30 Jan 2022 14 minute read
Pendyrus Male Choir from New Year Virtual Concert, screenshot

Ben Wildsmith

I’m 44 and stuck up a Powys mountain at the dog end of love. Our four years had been the filmic, irrational symphony for which I’d always believed myself destined. When the tympanies died away, a resigned calm had set in as we readied ourselves for the necessary trauma of severance.

Eve is painting away happily, so I broach the subject.

“The Pendyrus Choir are singing at the chapel in town tonight, fancy it?” She carries on putting the gleam into a pine marten’s pupil.

“That one we heard recently was absolute shit, you said it was as if Vic Reeves had been cloned forty times and locked in Treowen Community Centre with Linda McCartney on piano.”

“No, this is the Pendyrus, from Tylorstown in the Rhondda, where we visited. They are ‘the only musical ensemble in the world to have performed at both the White House and the Kremlin,’ I quote directly and solemnly from Wikipedia.

“’Kay,” she breezes, offering a coffee cup, as fair exchange is no robbery.

Driving down from Tylwch to the chapel is a tense affair. Eve is incongruously glamorous in the passenger seat of my knackered Polo and consciously so. Beautiful people can seem cruel, they have to be, how else would they ever get rid of us?

We park outside the China Street chapel, right where they put the black traffic cones for the funerals of which the town is so enthusiastically fond. The building towers at you from the pavement: fierce columns, solemn ironwork, inscriptions on tablets with fervent dates.

There are around a dozen chapels in and around little Llanidloes and I often wonder about the revivals of the Nineteenth Century. These chapels must have been bear pits of tumult, ranged against the Establishment and each other in competition for the souls of Wales. Their stone, oblong faces are set like resolute jaws, daring passers-by to defy them, dwarfing pubs, and taunting the Church.

Buglers in battle

An old boy in a choir blazer is sat on the wall catching a breather and having a fag.

“I’m looking forward to the concert,” I say, rolling one myself.

“Last time we were here was 1956,” he replies. “I was a kid myself.” The accent feels like a childhood blanket. The melodious precision of Rhondda vowels is unique and as far from the Powys accent as from Liverpool.

I do the mental arithmetic, Grandad left in the Thirties so he wouldn’t have known him. Still…

“My family’s from Tylorstown.” I announce. “My uncle, Trevor Morgan was headmaster of Ferndale Grammar…”

On I go; can’t help myself – like one of those Americans who, on discovering you are British, asks if you have met their niece who is studying at the University of Huddersfield.

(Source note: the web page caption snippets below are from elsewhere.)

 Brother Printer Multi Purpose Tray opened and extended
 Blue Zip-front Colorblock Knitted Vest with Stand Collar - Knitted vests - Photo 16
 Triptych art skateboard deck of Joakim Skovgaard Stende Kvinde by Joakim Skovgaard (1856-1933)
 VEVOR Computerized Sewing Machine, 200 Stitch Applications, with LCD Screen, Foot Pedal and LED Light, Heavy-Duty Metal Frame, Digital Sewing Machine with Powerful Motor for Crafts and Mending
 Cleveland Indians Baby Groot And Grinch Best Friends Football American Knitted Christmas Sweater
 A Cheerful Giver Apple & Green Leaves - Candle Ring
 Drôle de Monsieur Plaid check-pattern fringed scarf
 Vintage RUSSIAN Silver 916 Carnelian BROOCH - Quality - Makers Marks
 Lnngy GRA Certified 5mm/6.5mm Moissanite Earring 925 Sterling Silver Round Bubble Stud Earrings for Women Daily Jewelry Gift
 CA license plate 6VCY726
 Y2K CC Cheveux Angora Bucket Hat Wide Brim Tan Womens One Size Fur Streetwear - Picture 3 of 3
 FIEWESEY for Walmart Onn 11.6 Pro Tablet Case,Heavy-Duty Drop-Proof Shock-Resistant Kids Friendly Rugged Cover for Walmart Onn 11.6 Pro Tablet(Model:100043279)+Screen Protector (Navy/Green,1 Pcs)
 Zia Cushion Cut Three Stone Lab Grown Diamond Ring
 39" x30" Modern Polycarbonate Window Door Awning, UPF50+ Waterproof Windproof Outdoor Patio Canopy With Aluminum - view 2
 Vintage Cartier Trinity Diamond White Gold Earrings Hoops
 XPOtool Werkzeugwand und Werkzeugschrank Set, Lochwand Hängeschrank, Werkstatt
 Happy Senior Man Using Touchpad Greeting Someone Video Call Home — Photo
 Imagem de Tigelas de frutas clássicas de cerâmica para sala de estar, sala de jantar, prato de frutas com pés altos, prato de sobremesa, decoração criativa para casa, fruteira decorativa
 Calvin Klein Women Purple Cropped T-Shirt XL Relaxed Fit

The old chorister negotiates me kindly.

“You can hear the musicality in his speaking voice, can’t you?” I whisper urgently at Eve as we go through the chapel gate.

“Whatever,” she replies.

This quality of the Rhondda accent was instilled into me as immutable fact and the reason that the Pendyrus and Treorchy choirs were the best in the world; in that order. Whilst it’s true that male voice choral music was not conspicuous in the 1982 zeitgeist for many nine- year olds, I’m sure that it would have been, had they known about it. The first cassette my grandfather gave me was a compilation of choirs from across Wales. Along with ersatz favourites like ‘We’ll Keep A Welcome In The Hillside’, I was introduced to the mighty, minor key hymns ‘Tydi a Roddaist’ and ‘Laudamus’.

Both of these feature dramatic shifts of dynamic whereby the choristers start by menacing in the bass register before building to full throated crescendos in which the tenors cut through clashing pipe organ chords like buglers in battle. It is fierce music that points accusatory fingers at hypocrites, mine owners, landlords, police, Maggie bloody Thatcher and anyone else threatening the culture from which it sprang. It’s physically demanding to sing and emotionally exacting to engage with. It is the Death Metal of its time, and it matters to me.

A suite of Welsh songs

We pick up a programme in the foyer of the chapel and hurry in to find a seat. It’s other-worldy in there. The room has rows of polished oak pews in a main bank facing towards the  pulpit with five rows at the side facing inwards opposite each other. No incense, no candlewax. A balcony sweeps out above and the side pews up there await the choir, who will face each other across the room.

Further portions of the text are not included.